• _BRIEF_
From the line that contains "Reventa - Villa" to the last line of the entries, write each line out exactly; include both ends and nothing else.

(Data items)

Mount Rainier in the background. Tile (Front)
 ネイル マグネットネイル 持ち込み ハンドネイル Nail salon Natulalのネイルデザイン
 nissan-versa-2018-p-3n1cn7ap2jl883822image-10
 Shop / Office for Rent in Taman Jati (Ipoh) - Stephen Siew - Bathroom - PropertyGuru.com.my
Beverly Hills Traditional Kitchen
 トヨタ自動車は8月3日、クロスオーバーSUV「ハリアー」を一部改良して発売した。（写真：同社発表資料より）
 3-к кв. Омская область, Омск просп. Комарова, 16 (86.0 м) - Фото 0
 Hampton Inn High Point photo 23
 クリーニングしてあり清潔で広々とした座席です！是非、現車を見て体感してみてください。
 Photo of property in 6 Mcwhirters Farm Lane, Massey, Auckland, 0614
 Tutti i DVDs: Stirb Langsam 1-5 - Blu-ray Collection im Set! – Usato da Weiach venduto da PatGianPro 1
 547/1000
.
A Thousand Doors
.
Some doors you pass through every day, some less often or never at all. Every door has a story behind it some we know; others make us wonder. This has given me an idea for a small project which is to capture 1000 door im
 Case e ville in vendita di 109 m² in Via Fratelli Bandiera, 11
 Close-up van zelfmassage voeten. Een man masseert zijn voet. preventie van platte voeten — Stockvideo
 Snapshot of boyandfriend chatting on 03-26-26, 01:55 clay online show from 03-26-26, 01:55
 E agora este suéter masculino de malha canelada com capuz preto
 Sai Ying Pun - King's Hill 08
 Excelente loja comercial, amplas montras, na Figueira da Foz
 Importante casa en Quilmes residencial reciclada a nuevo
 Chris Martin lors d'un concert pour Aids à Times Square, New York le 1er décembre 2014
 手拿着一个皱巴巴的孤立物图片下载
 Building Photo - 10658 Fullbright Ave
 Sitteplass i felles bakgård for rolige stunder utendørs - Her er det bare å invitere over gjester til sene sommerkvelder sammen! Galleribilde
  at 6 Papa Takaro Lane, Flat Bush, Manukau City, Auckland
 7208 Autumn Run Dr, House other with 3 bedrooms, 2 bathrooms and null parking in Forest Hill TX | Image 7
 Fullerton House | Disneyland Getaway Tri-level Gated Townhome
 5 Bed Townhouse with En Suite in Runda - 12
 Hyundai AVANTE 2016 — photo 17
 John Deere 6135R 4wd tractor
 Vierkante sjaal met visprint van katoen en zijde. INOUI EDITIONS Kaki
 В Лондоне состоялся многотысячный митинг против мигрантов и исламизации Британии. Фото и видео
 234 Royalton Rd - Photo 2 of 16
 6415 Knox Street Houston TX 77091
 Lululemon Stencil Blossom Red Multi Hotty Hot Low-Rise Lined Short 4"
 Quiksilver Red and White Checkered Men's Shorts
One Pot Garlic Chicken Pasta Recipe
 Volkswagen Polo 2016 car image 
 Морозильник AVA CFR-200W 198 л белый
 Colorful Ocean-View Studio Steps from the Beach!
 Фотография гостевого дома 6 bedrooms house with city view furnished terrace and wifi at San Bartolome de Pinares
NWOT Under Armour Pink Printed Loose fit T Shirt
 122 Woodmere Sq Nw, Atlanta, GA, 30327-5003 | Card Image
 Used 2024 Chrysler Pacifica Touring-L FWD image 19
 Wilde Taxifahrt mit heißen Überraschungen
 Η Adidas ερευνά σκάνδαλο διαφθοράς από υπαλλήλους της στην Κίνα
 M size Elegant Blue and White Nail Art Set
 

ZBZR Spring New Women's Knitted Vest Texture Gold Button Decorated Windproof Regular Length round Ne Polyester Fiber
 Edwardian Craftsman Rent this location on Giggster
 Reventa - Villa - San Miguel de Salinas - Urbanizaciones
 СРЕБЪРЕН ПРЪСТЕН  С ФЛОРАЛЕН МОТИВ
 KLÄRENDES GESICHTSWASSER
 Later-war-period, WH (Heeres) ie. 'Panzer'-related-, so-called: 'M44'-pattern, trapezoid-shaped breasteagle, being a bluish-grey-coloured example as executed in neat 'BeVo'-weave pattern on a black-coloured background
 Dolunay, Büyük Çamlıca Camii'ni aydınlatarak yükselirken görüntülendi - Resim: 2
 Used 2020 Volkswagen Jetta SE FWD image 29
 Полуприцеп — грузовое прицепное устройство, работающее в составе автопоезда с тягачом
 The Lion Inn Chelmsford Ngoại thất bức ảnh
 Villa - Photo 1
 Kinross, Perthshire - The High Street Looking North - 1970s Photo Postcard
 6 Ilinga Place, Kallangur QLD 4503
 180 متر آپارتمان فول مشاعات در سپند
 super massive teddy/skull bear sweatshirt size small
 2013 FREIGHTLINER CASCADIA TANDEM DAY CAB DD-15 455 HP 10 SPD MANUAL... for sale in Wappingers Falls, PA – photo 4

• _ANSWER SPACE_
 Reventa - Villa - San Miguel de Salinas - Urbanizaciones
 СРЕБЪРЕН ПРЪСТЕН  С ФЛОРАЛЕН МОТИВ
 KLÄRENDES GESICHTSWASSER
 Later-war-period, WH (Heeres) ie. 'Panzer'-related-, so-called: 'M44'-pattern, trapezoid-shaped breasteagle, being a bluish-grey-coloured example as executed in neat 'BeVo'-weave pattern on a black-coloured background
 Dolunay, Büyük Çamlıca Camii'ni aydınlatarak yükselirken görüntülendi - Resim: 2
 Used 2020 Volkswagen Jetta SE FWD image 29
 Полуприцеп — грузовое прицепное устройство, работающее в составе автопоезда с тягачом
 The Lion Inn Chelmsford Ngoại thất bức ảnh
 Villa - Photo 1
 Kinross, Perthshire - The High Street Looking North - 1970s Photo Postcard
 6 Ilinga Place, Kallangur QLD 4503
 180 متر آپارتمان فول مشاعات در سپند
 super massive teddy/skull bear sweatshirt size small
 2013 FREIGHTLINER CASCADIA TANDEM DAY CAB DD-15 455 HP 10 SPD MANUAL... for sale in Wappingers Falls, PA – photo 4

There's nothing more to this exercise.